● REQUIREMENT: The answer is to be all of the data below, reproduced exactly.

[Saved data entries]
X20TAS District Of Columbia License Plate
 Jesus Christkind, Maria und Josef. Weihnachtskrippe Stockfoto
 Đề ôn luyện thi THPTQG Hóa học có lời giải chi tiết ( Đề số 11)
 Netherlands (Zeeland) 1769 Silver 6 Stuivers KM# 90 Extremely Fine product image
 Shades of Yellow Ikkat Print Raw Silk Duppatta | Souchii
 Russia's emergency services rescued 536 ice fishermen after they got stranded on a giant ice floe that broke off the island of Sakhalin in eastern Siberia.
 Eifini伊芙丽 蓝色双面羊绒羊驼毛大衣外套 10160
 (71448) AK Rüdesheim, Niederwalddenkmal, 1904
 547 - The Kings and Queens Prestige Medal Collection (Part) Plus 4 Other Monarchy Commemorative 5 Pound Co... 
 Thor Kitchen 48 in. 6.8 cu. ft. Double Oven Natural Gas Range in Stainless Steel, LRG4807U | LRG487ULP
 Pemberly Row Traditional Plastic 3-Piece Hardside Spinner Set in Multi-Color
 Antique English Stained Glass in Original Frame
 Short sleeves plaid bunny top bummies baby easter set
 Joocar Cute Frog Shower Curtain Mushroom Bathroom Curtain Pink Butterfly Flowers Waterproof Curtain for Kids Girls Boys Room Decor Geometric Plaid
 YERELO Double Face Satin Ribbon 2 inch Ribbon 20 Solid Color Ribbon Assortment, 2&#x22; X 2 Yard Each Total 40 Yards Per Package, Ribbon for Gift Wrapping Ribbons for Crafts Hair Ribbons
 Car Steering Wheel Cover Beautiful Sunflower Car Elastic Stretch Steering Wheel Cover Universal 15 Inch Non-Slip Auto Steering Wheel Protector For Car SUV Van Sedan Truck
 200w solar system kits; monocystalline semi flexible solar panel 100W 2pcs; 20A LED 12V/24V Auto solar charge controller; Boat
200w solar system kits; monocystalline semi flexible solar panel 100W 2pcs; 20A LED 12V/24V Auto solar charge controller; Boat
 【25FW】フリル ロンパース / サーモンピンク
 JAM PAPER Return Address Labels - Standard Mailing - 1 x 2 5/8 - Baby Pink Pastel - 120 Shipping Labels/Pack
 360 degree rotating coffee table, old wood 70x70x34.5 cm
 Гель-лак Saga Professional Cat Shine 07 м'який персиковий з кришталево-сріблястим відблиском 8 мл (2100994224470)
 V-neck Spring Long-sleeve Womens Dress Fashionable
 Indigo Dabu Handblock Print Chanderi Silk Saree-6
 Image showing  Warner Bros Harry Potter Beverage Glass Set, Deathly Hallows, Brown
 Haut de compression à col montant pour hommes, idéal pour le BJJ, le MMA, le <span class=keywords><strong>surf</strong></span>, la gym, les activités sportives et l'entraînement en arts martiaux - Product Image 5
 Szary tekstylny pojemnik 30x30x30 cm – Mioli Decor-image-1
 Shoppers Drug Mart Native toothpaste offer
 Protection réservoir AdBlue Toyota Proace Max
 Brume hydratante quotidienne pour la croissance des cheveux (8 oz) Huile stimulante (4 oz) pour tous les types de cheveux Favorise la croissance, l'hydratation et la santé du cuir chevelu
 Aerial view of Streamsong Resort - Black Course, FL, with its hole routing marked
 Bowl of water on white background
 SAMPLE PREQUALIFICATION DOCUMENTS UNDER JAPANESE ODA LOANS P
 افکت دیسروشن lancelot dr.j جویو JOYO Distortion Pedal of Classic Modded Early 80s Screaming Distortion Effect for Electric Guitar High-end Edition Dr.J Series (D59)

● EXERCISE OUTPUT:
X20TAS District Of Columbia License Plate
 Jesus Christkind, Maria und Josef. Weihnachtskrippe Stockfoto
 Đề ôn luyện thi THPTQG Hóa học có lời giải chi tiết ( Đề số 11)
 Netherlands (Zeeland) 1769 Silver 6 Stuivers KM# 90 Extremely Fine product image
 Shades of Yellow Ikkat Print Raw Silk Duppatta | Souchii
 Russia's emergency services rescued 536 ice fishermen after they got stranded on a giant ice floe that broke off the island of Sakhalin in eastern Siberia.
 Eifini伊芙丽 蓝色双面羊绒羊驼毛大衣外套 10160
 (71448) AK Rüdesheim, Niederwalddenkmal, 1904
 547 - The Kings and Queens Prestige Medal Collection (Part) Plus 4 Other Monarchy Commemorative 5 Pound Co... 
 Thor Kitchen 48 in. 6.8 cu. ft. Double Oven Natural Gas Range in Stainless Steel, LRG4807U | LRG487ULP
 Pemberly Row Traditional Plastic 3-Piece Hardside Spinner Set in Multi-Color
 Antique English Stained Glass in Original Frame
 Short sleeves plaid bunny top bummies baby easter set
 Joocar Cute Frog Shower Curtain Mushroom Bathroom Curtain Pink Butterfly Flowers Waterproof Curtain for Kids Girls Boys Room Decor Geometric Plaid
 YERELO Double Face Satin Ribbon 2 inch Ribbon 20 Solid Color Ribbon Assortment, 2&#x22; X 2 Yard Each Total 40 Yards Per Package, Ribbon for Gift Wrapping Ribbons for Crafts Hair Ribbons
 Car Steering Wheel Cover Beautiful Sunflower Car Elastic Stretch Steering Wheel Cover Universal 15 Inch Non-Slip Auto Steering Wheel Protector For Car SUV Van Sedan Truck
 200w solar system kits; monocystalline semi flexible solar panel 100W 2pcs; 20A LED 12V/24V Auto solar charge controller; Boat
200w solar system kits; monocystalline semi flexible solar panel 100W 2pcs; 20A LED 12V/24V Auto solar charge controller; Boat
 【25FW】フリル ロンパース / サーモンピンク
 JAM PAPER Return Address Labels - Standard Mailing - 1 x 2 5/8 - Baby Pink Pastel - 120 Shipping Labels/Pack
 360 degree rotating coffee table, old wood 70x70x34.5 cm
 Гель-лак Saga Professional Cat Shine 07 м'який персиковий з кришталево-сріблястим відблиском 8 мл (2100994224470)
 V-neck Spring Long-sleeve Womens Dress Fashionable
 Indigo Dabu Handblock Print Chanderi Silk Saree-6
 Image showing  Warner Bros Harry Potter Beverage Glass Set, Deathly Hallows, Brown
 Haut de compression à col montant pour hommes, idéal pour le BJJ, le MMA, le <span class=keywords><strong>surf</strong></span>, la gym, les activités sportives et l'entraînement en arts martiaux - Product Image 5
 Szary tekstylny pojemnik 30x30x30 cm – Mioli Decor-image-1
 Shoppers Drug Mart Native toothpaste offer
 Protection réservoir AdBlue Toyota Proace Max
 Brume hydratante quotidienne pour la croissance des cheveux (8 oz) Huile stimulante (4 oz) pour tous les types de cheveux Favorise la croissance, l'hydratation et la santé du cuir chevelu
 Aerial view of Streamsong Resort - Black Course, FL, with its hole routing marked
 Bowl of water on white background
 SAMPLE PREQUALIFICATION DOCUMENTS UNDER JAPANESE ODA LOANS P
 افکت دیسروشن lancelot dr.j جویو JOYO Distortion Pedal of Classic Modded Early 80s Screaming Distortion Effect for Electric Guitar High-end Edition Dr.J Series (D59)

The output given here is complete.